What's the most obvious lie you've ever believed past childhood?

This makes me question something I heard many years ago, that if you cum in a woman’s mouth and you kiss her afterwards, you can accidentally impregnate her if you, then, give her head. Now that I think about it, this was probably started by a dude who really did not want to kiss his lady’s mouth after a blowy.

Could you smell it with your balls?

Now I can hear the sound of my whole world crashing all around me…with my balls.

Did the myth of the suicidal lemmings predate the film, though? If so, where did it come from? If not, well, why? What was the pitch meeting like that ended with ‘…and then we throw all the little furry bastards off a cliff, and film it.

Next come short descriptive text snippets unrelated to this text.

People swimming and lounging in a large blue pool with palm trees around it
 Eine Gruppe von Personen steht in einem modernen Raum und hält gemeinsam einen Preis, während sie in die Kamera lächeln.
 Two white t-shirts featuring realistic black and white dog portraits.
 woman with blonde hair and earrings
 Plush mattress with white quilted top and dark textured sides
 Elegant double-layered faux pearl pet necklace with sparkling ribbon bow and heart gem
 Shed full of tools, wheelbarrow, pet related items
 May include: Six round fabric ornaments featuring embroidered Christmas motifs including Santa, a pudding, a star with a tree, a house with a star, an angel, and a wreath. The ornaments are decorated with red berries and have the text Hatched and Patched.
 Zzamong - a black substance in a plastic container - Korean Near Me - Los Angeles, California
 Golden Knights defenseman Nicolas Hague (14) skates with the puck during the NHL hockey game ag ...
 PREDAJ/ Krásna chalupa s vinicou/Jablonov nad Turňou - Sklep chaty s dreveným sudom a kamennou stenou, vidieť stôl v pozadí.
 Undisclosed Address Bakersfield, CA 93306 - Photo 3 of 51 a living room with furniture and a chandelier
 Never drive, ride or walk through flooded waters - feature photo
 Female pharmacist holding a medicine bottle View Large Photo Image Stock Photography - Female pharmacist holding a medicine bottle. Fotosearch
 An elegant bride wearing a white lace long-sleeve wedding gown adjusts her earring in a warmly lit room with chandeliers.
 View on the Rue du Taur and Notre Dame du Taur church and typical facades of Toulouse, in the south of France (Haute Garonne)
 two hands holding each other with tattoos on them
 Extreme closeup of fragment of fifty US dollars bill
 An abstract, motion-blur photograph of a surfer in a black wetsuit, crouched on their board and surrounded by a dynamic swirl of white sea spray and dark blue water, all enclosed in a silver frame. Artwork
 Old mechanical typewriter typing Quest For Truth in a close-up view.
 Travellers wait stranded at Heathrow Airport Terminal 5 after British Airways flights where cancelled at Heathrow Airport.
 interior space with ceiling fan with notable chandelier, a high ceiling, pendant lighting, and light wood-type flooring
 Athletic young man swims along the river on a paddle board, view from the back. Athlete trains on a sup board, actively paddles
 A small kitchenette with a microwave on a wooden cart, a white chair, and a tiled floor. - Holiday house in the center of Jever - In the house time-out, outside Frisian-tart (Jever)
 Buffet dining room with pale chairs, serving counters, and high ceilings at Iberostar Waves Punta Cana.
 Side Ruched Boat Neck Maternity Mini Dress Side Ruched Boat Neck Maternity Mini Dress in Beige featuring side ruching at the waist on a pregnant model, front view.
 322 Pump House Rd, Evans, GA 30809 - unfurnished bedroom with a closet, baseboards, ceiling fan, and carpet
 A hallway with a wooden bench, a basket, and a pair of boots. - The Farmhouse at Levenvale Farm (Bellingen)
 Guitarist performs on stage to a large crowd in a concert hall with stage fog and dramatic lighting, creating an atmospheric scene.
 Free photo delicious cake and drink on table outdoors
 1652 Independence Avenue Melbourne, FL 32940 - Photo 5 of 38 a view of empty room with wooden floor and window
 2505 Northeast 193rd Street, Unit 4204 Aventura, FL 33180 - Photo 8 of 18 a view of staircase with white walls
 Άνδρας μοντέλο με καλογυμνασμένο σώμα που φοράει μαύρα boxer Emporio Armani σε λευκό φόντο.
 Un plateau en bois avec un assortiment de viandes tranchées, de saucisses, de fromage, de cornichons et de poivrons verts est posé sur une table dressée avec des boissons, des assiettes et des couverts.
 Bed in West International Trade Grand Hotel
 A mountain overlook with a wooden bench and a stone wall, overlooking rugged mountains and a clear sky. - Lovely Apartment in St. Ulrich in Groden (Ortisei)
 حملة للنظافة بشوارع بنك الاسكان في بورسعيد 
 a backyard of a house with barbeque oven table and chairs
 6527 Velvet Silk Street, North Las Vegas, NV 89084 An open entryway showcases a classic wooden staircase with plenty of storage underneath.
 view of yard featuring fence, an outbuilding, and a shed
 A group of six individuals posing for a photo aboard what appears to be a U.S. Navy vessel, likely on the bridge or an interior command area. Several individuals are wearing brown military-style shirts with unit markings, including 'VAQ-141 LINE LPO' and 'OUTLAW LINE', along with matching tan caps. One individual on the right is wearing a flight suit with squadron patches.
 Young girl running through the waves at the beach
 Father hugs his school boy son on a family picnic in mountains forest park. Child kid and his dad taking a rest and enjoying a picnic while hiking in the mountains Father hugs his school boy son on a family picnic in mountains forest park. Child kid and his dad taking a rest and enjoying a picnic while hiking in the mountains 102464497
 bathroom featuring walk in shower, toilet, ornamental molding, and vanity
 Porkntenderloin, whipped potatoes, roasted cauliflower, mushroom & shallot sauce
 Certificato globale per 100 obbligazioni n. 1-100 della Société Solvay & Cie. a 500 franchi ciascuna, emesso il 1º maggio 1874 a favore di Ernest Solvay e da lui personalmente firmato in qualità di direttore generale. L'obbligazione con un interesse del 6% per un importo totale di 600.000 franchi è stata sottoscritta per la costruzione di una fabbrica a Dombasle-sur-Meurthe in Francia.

Step three, profit!’?

1 - “I’m from the government and I’m here to help”

2 - “your cheque is in the mail”

3 - a lie I got away with for some years in my 20’s. :stuck_out_tongue:

A grade school teacher told us that AD meant “after death,” so between BC and AD there were 33 years not accounted for on any calendar. I probably believed that for 10-12 years.

Here’s a post for two threads. When I was a kid my dad told me that the Japanese built a city called Usa, so that they could label stuff produced there as Made In USA. As the link indicates, not true (though in this case I suspect my father may have believed it himself.)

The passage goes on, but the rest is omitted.